The 10 Best Cities to Grab Dessert
Everyone knows that eating is the best part of traveling. And everyone also knows that dessert is the best part of eating. So, by the transitive property, that means that dessert is the best part of traveling. See what we did there? And to make it easier to plan your next trip, here are our ten favorite dessert cities and what you should eat there.
This piece originally appeared on PureWow.
When it comes to desserts, Paris has an embarrassment of riches. The good news is, you really can’t go wrong with most anything sweet within city limits. But for the greatest hits, make sure you get to Ladurée for a gorgeous array of rainbow-colored macarons; to Jacques Genin for a towering, made-to-order Mille-Feuille; and to Pierre Hermé for….well, everything (but we particularly love the pistachio-crème-filled Montebello cake).
Desserts in New York are both varied and wonderful--just like the city itself. Make sure to sample a range, from the sublime (the extravagant tarte tatin at Gotham Bar and Grill) to the ridiculous (the Salty Pimp cone at Big Gay Ice Cream). You’re also going to need a giant, warm cookie from Levain bakery, a Nutella babka from Breads bakery and a Tres Leches doughnut from The Doughnut Plant.
Vienna has been the pastry capital of the world since the days of Freud, Lenin and Trotsky. If you want to channel your inner Old World intellectual, head to Café Central, which was a regular hangout for just about every early-20th-century thinker and still makes a killer apple strudel. Next up, stop by Café Sacher for a traditional Sacher torte--a spongy chocolate cake filled with apricot jam. And if you’re feeling a little more modern, there’s Xocolat, an innovative new chocolatier.
Oh, you thought Tokyo was only famous for sushi and ramen? Shame on you. In a city with more than 200 different kinds of Kit Kats, you can be sure that sugar is a high priority. Make sure to try mochi--little balls of ice cream wrapped in rice flour--at Mochi Cream, and the Japanese cheesecake at Pablo. Then stop by the first Asian branch of the famed Dominique Ansel bakery for a matcha-flavored Cronut.

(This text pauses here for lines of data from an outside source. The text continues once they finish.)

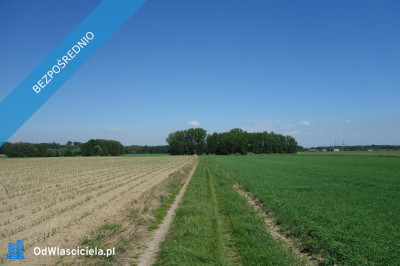 Skoczów Pruchna 115ha pod stadnine zabudowe lux lokalizacja -    -
śląskie Zdjęcie nr 10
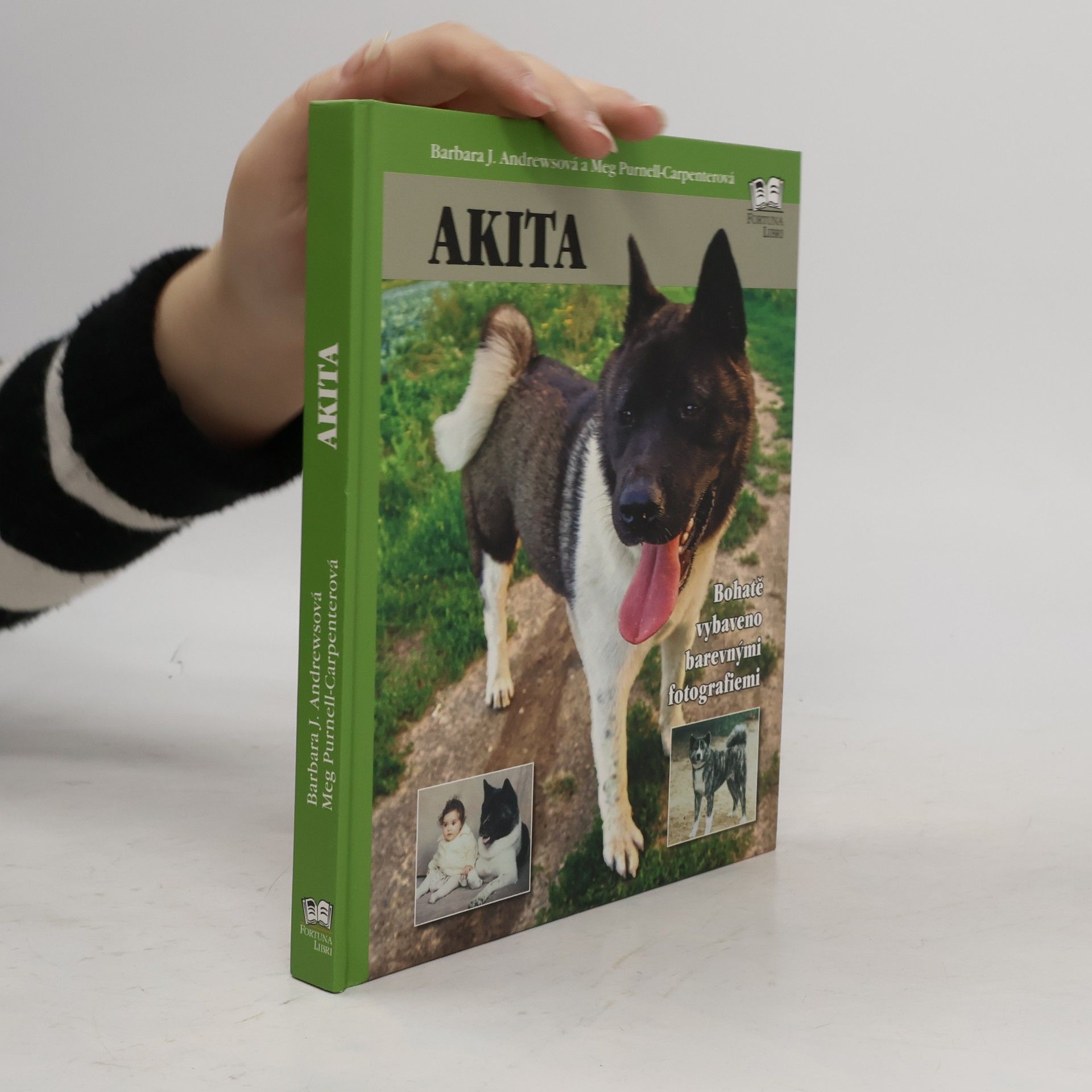Akita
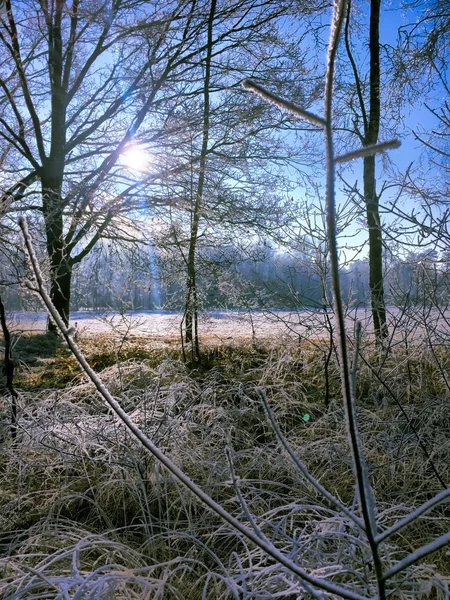 Paisagem no dia nublado de inverno de campos cobertos de neve e florestas — Fotografia de Stock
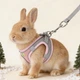 Шлей для з поводком для кроликів "IGGY" Рожевий Size S - зображення 3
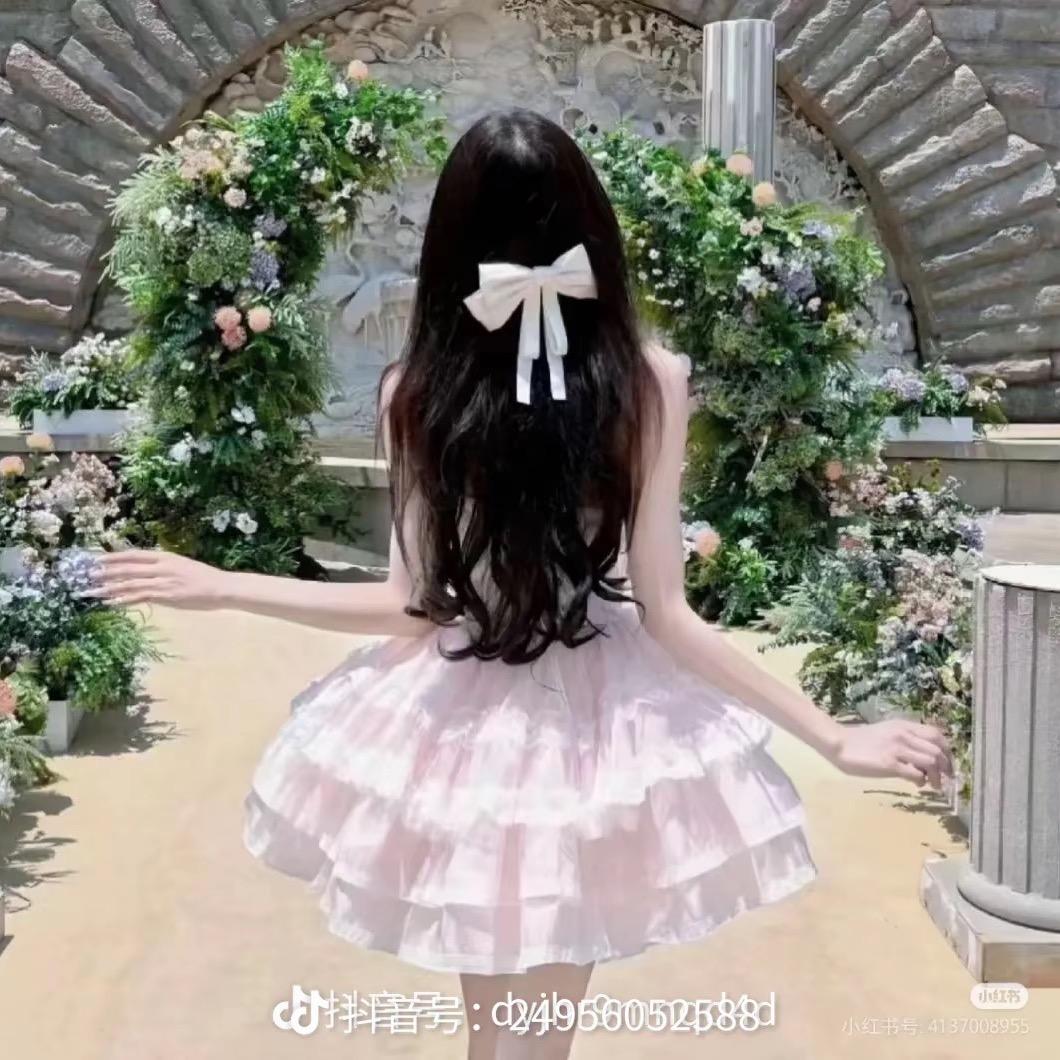 盛开的玫瑰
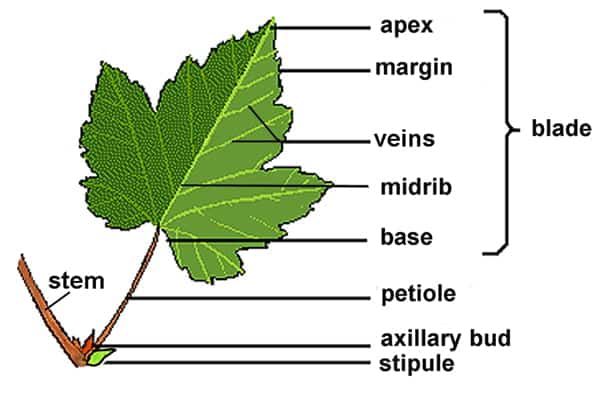 Detail Gambar Daun Lengkap Nomer 9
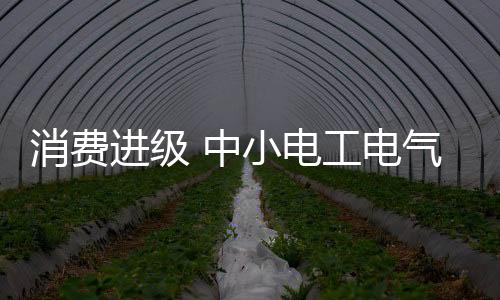 在数十年的电工电气时间里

Perhaps the most famous pastry at San Francisco’s most famous bakery is Tartine’s orange-scented morning bun. But that doesn’t mean you can’t have another one for dessert, too. When it comes to ice cream there are two options: Fight off the tourists for a hot fudge sundae in Ghiradelli Square or fight off the hipsters for a scoop of Secret Breakfast at Humphry Slocombe in the Mission. (Hint: it involves bourbon and cornflakes.) Or, for a little something different, we recommend a glistening Chinese egg-custard tart at The Golden Gate Bakery.

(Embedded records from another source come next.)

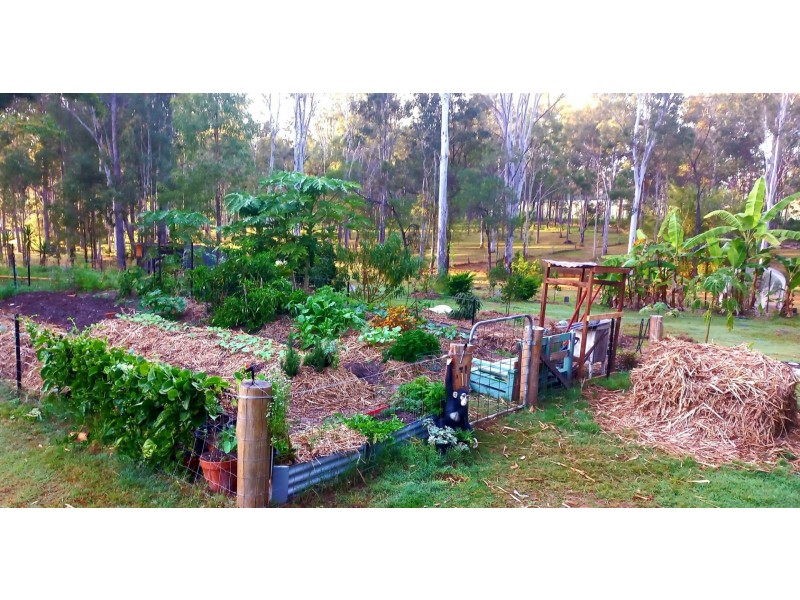 11 Scott Thomas Drive, Sexton QLD 4570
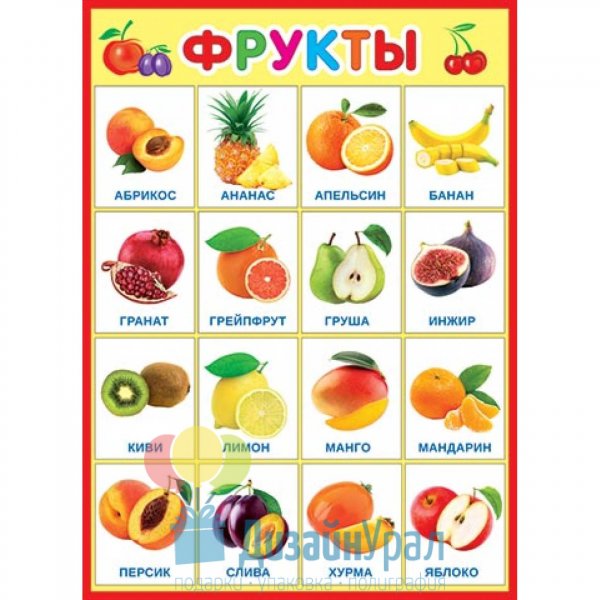 Обучающий плакат фрукты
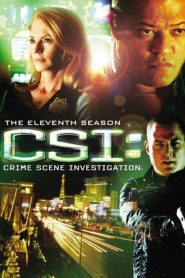 CSI – Scena del crimine: Stagione 11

We would come to Rome just for the gelato, which seems to beckon from every corner in perfect, fluffy little piles. Start at Giolitti, which has been serving basically the world’s most perfect gelato for over a century. If you have any room left, check out Biscottificio Innocenti in Trastevere for piles of crunchy almond cookies and Dolce Maniera for brioche stuffed with Nutella.
Singapore has long been a bit of a melting pot, with a huge ex-pat community, which makes for a fascinating culinary tradition. That carries over to desserts, where European and Asian favorites come together in delicious ways. Try something unusual, like doughnuts with salted-egg-yolk custard at FIX or Butterfly Pea Tapioca at Soi 60 Thai. Or, for a real showstopper, get the edible terrarium at Antoinette.
If dunking hot, cinnamon-spice churros into a mug of rich, dark chocolate sounds good to you, Barcelona just might be your town. For a classic spot, try Café Granja Viader, which claims to have invented the tradition a century ago. If you’re feeling fancy, check out Espai Sucre, where you can get a five-course, four-hour tasting menu of desserts, with choices like Manchego cheese tart and smoky tea cream with chocolate, black sesame and yogurt.
Buenos Aires is all about dulce de leche--a sweet, milky, caramel spread that Argentineans use on just about everything. You’ll want to start your dulce de leche tour at Havanna, a favorite chain, for a coffee and a few alfajores--coconut-covered sandwich cookies with dulce de leche or jam in the middle. Continue to Peron Peron for panqueques, which are like French crepes stuffed with dulce de leche. And end with a gelato-like helado, which you can find on just about any street corner. Don’t worry--it comes in dulce de leche flavor, too.
We can get behind any city that starts the day with a trio of freshly fried beignets and a mountain of powdered sugar. After Café Du Monde, make sure you get an order of the original bananas Foster at Brennan’s (it actually comes to the table on fire!), a box of pralines at Pralines by Jean and the world’s most heavenly pecan sticky bun at Willa Jean.